By Lawrence Durrell | Go to book overview

CHAPTER 5
POETRY IN THE NINETIES

THE year 1890 makes a convenient point of departure for the student of modern writing in general--and the student of modern poetry in particular. It marks the twilight age of the greater Victorian poets. Browning died in 1889 and while Tennyson, Ruskin and Pater were still alive and producing, their influence was beginning to show a gradual decline upon the graph. Swinburne and William Morris were firmly established but had little more to add to the work which had brought them their well-deserved reputations. New voices were beginning to be heard and new movements to stir below the placid surface of Victorian life. A critic of tendencies, faced with dissimilar and overlapping talents, might discern three types of influence at work in this period.

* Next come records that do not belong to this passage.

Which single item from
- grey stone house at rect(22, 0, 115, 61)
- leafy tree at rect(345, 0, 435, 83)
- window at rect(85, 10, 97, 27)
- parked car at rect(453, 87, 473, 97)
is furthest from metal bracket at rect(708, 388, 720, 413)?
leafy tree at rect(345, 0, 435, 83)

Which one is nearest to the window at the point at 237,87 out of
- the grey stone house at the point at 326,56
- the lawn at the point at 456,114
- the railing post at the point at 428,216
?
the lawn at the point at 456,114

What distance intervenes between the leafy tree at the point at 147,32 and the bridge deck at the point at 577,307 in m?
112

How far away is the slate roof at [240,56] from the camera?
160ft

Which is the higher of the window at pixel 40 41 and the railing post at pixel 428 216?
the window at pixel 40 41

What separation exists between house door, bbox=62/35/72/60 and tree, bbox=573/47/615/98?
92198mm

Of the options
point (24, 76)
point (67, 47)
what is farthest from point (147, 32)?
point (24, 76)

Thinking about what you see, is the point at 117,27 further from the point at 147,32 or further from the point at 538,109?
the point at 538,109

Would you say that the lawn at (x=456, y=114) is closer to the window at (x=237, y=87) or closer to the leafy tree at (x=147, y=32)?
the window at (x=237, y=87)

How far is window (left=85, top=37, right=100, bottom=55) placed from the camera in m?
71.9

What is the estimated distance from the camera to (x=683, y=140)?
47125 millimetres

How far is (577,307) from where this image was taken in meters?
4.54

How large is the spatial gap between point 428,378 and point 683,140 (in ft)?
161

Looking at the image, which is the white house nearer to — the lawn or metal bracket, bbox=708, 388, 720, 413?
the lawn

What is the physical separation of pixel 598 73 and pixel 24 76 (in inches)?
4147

Among those whose choice of subject-matter and attitude indicated a lively belief in the Empire and all it stood for, side by side with a conviction that the English mystique was built upon chivalry and a taste for adventure, he might list the names of Kipling, Henley, Watson and Newbolt. These were the poets of the white man's burden and Imperial Preference. They were not, of course, exactly contemporaneous from the chronological point of view. The second group might be labelled 'Symbolists and Decadents'. It would include the names of Oscar Wilde, Arthur Symons, Ernest Dowson, and it drew much of its intellectual nourishment from the French schools. The third section--that of the 'Ironists', would be headed by the name of A. E. Housman and would most probably include Thomas Hardy.